Why is the upper Riemann integral the infimum of all upper sums?

Your question does have some ambiguity. From the wording of your question and comments it appears that you want to know:

Does the limit of upper sums (with respect to partitions getting finer and finer) equal the infimum of all upper sums?


First of all note that when we are dealing with limits of things dependent on a partition of an interval then there are two ways in which the limit operation can be defined:

1) Limit via refinement of a partition: Let $P = \{x_{0}, x_{1}, x_{2},\ldots, x_{n} \}$ be a partition of $[a, b]$ where $$a =x_{0} < x_{1} < x_{2} < \cdots < x_{n} = b$$ A partition $P'$ of $[a, b]$ is said to be a refinement of $P$ (or finer than $P$) if $P \subseteq P'$.

Let $\mathcal{P}[a, b]$ denote the collection of all partitions of $[a, b]$ and let $F:\mathcal{P}[a, b] \to \mathbb{R}$ be a function.
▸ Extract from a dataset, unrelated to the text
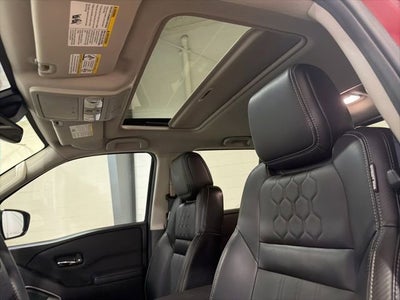 2024 Nissan Frontier SL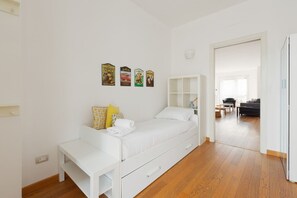 2 habitaciones, tabla de planchar con plancha, wifi y ropa de cama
A number $L$ is said to be the limit of $F$ (via refinement) if for every $\epsilon > 0$ there is a partition $P_{\epsilon}\in \mathcal{P}[a, b]$ such that $|F(P) - L| < \epsilon$ for all $P \in \mathcal{P}[a, b]$ with $P_{\epsilon} \subseteq P$.

2) Limit as norm of parititon tends to $0$: If $P = \{a = x_{0}, x_{1}, x_{2}, \ldots, x_{n} = b\}$ is a partition of $[a, b]$ then the norm $||P||$ of partition $P$ is defined as $||P|| = \max_{i = 1}^{n}(x_{i} - x_{i - 1})$.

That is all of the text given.